I read most of Barbara Pym’s books back in the 1970s and enjoyed them, so when via NetGalley I was offered the chance to read The Adventures of Miss Barbara Pym by Paula Byrne I was keen to do so. Not for the first time though where authors are concerned I wished I hadn’t because I found Pym to be quite unlikeable. Paula Byrne has written the book using Pym’s diaries, but as Pym had obviously intended that they would end up in some sort of archive and had an eye on her posterity I can’t help wondering how honest the diary is. Also lots of pages had been torn out, Byrne assumed that those pages were seen as being too revealing on reflection and assumed they were about her sexual exploits – and for those days she was certainly adventurous it seems. She was no virginal spinster, which is fair enough although unusual as at a time when the male students and dons at Oxford had to resort to prostitutes in Oxford or further afield in London, as most women were terrified of getting pregnant. Barbara Pym was literally stalking men that she fancied and falling into bed with them. Some have taken this trait of hers as proof that she was a woman before her time. If you see being a modern woman as being a victim of philandering, arrogant and self-centred men then she was indeed a woman before her time, I think she was just incredibly immature and niave. It would seem that she never got beyond the obsessive crush stage that was so common among the young girls who were starved of male company at the boarding school she attended. She also adopted alternative personas. I can just imagine all those misogynistic dons at Oxford rolling their eyes and commenting to each other that they knew it would be like this when women students were accepted!
In 1934 she went to Germany and became besotted with Hitler, stalking him and frequenting the restaurant she knew he used. Of course she ended up falling for a Nazi close to Hitler, Friedbert Gluck was an SS officer. On her return to the Oxford village she was living in she saluted the local shopkeeper with a Heil Hitler while wearing a black shirt and presumably the swastika pin her Nazi boyfriend had given her. Truly the locals must have wondered whether to laugh or cry. It was only after the outbreak of WW2 that she thought she might have been wrong about the Nazis but she was still hankering after Friedbert. She even had to be advised to expunge the Nazi/German bits in one of her books before sending it to a publisher. She definitely lacked a moral compass!

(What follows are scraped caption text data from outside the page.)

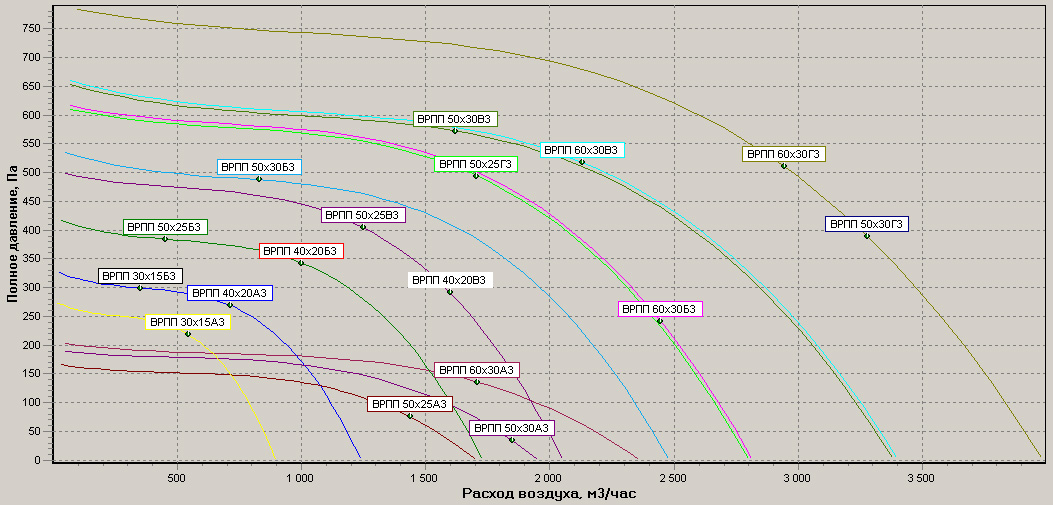 Диаграммы.Вентилятор ВРПП 30х15, ВРПП 40х20, ВРПП 50х25, ВРПП 50х30, ВРПП 60х30(трехфазные)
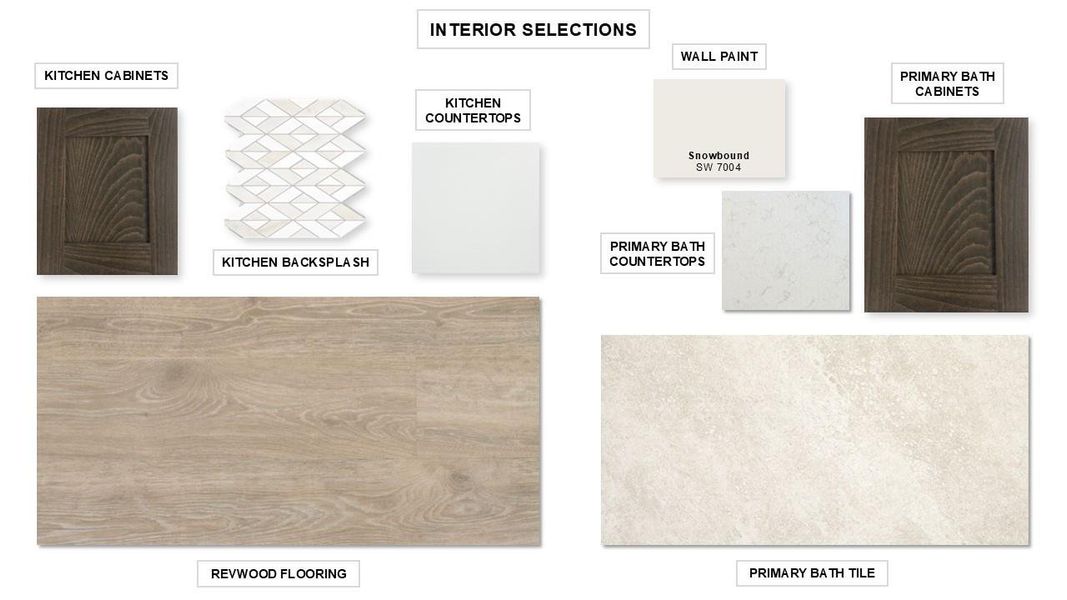 View of a document with multiple images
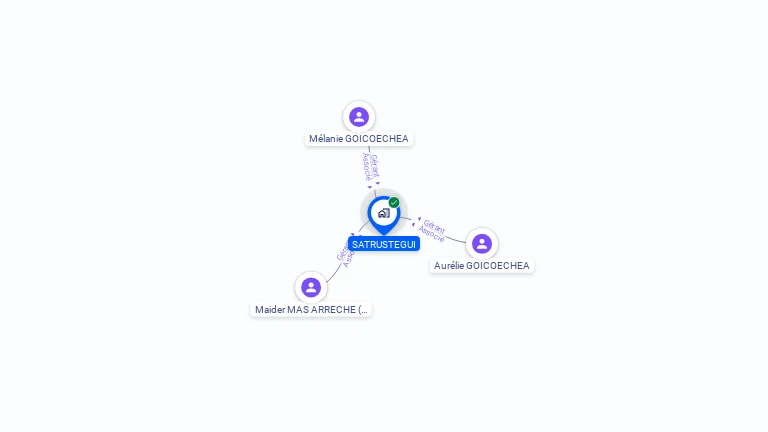 Cartographie gratuite de SATRUSTEGUI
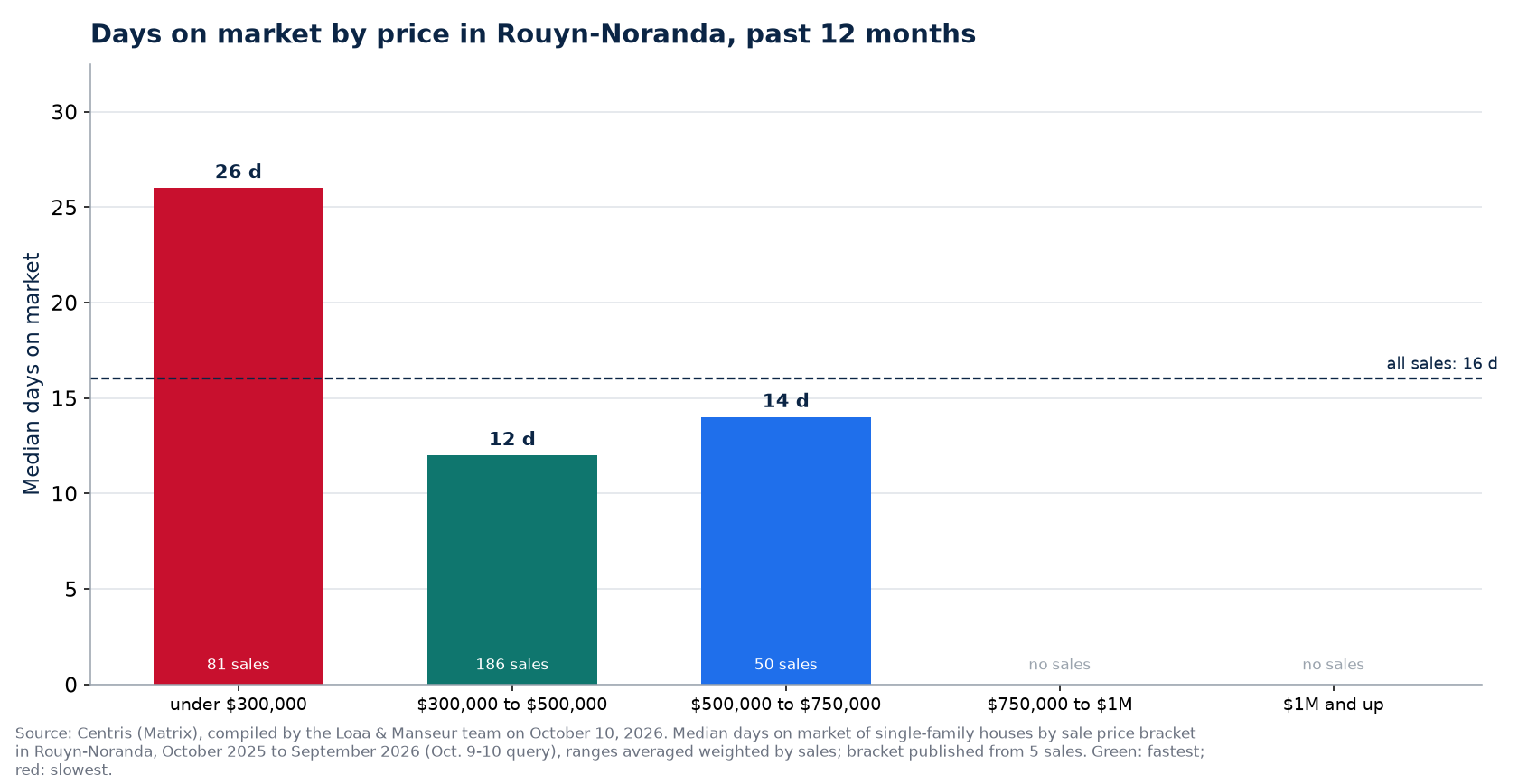Median days on market by price range in Rouyn-Noranda, past 12 months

Sadly she never matured and was still falling for completely unsuitable men in her old age, an almost forty year age gap didn’t seem to bother her. The poor lad! Never much of a looker she was described as looking like Joyce Grenfell (comedienne) but she had a thing for tall, dark handsome men who went on to marry someone else, or else were homosexual. During the war she was living in a shared house with another woman and her two children, the woman was described as her best friend, but when that friend’s philandering husband came to visit his family it didn’t stop Pym from falling into bed with him instead of leaving him to his wife and children. Her poor so-called friend must have thought – et tu Barbara! But of course when he did get a divorce from his wife, he married another woman.
So it would seem that Barbara Pym had no conscience whatsoever when it came to men, sex and Nazism and was a nightmare neighbour as she spied on them to use them as characters in her books, even stalking them when they left their house. Whatever happened to using your imagination?!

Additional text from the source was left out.